Back on November 11, Politico’s Dylan Byers reported, “A quick search of the news — including print articles, web stories and broadcast transcripts — via Nexis reveals a significant rise in the use of the term ‘income inequality,’ from less than 91 instances in the week before the occupation started to almost 500 instances last week.” That was an increase of more than 400 percent — and only a short time into the creation of the Zuccotti Park encampment.
Now, as Washington Post columnist E.J. Dionne writes:
Thanks to Mitt Romney and such well-known socialist intellectuals as Rick Perry and Newt Gingrich, the United States is about to have the big debate on the nature of modern capitalism that should have started back in 2008…
Romney’s central claim is that his business experience prepares him to be the nation’s great job creator. That message runs into some difficulty if he is seen instead as a job-destroyer. What if a certain class of capitalist makes scads of money not by building up companies but by tearing them down? What if there is a distinction between the capitalist we typically honor who comes up with a good product and hires people to make and market it; and another kind who takes over a company, pulls out all the cash he can, and then abandons it to die?
Dionne adds that Romney’s defense of his work as a venture capitalist is one of the few authentic parts of this year’s campaign:
He speaks with genuine passion when he accuses his conservative opponents of putting “free enterprise on trial.”

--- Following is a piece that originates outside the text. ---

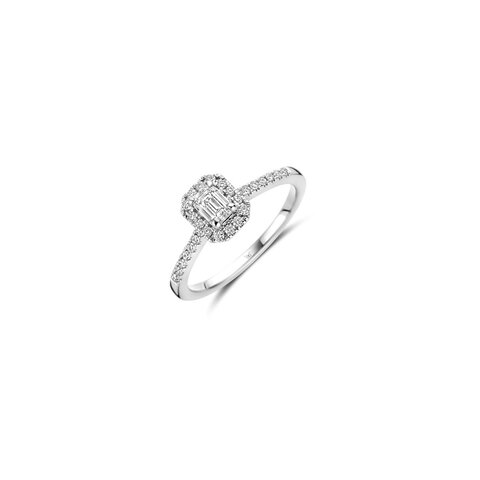 bague de fiançailles The Exclusive Collection en or blanc 18 ct avec diamant emeraude de 0.31 carat comme pierre principale entouré de briljants de 0,21 karaat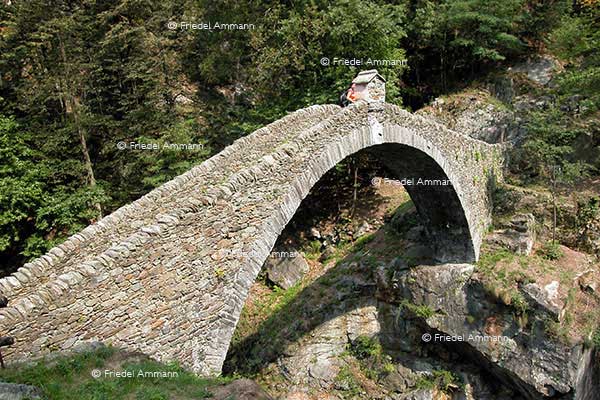 SCHWEIZ - Impressionen 1 - Brücke unterhalb Intragna nach Rasa, Centovalli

But that goes to the heart of the matter: “Free” for whom and under what circumstances? Capitalists of Romney’s sort never want to acknowledge how much their ability to make money depends on what government does. How does it structure the laws related to property, taxation and debt? What rules does it write on how companies can be acquired and how power within firms is apportioned among shareholders, employees, managers and other stakeholders? These are not natural laws. They are the work of politicians and the lobbyists who influence them.
The New York Times’ John Harwood writes in “A Blurring of the Lines in the Populist vs. Capitalist Debate” that when it comes to Washington and Wall Street, as Democrats defend government and Republicans extoll the free market:
[S]hifts in the political landscape have blurred some of those lines, potentially complicating the general election and Mr. Romney’s upcoming primary battles in South Carolina and Florida.

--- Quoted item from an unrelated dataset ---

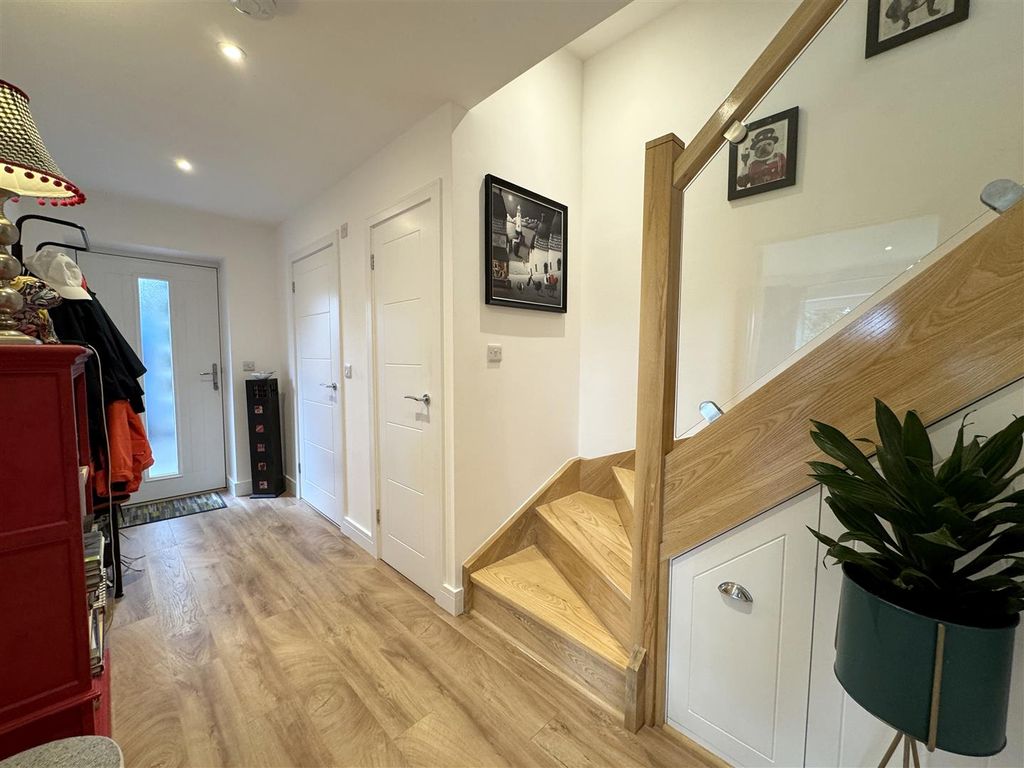 Property photo 3 of 18 Entrance Hall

Democrats have made inroads in recent elections among affluent, well-educated voters. Mr. Obama’s 2008 campaign captured the majority of voters earning more than $200,000 and raised more than $90 million from the securities, finance, hedge fund and banking industries.

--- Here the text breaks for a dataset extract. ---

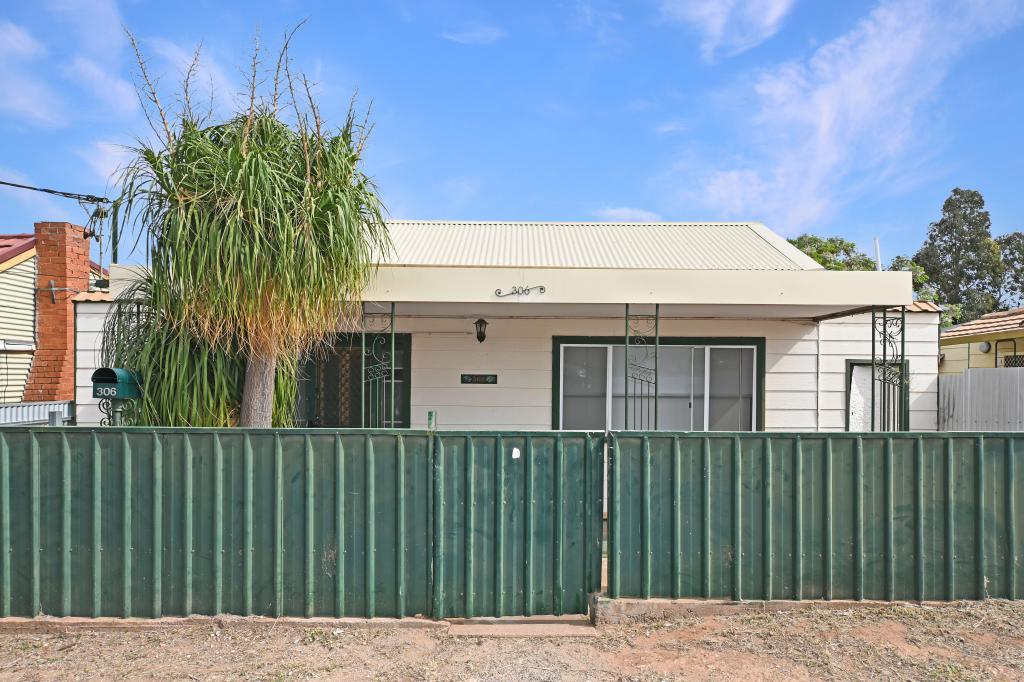 306 Patton St, Broken Hill, NSW 2880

Republicans have bolstered their support among the sorts of middle and working-class voters who call themselves conservative Christians and identify with the Tea Party. And in 2008 Senator John McCain got more votes among whites earning less than $50,000 than Mr. Obama.
That’s why Mr. Romney’s approach might pose a risk. A Pew Research Center survey identified financially squeezed “disaffected” voters as a Republican-leaning constituency; just 21 percent of them agreed that “most corporations make a fair and reasonable profit.
Whatever your opinion, the fact that all of this is being talked about at all is fantastic — in every sense of the word. Not only remarkable but valuable and informative.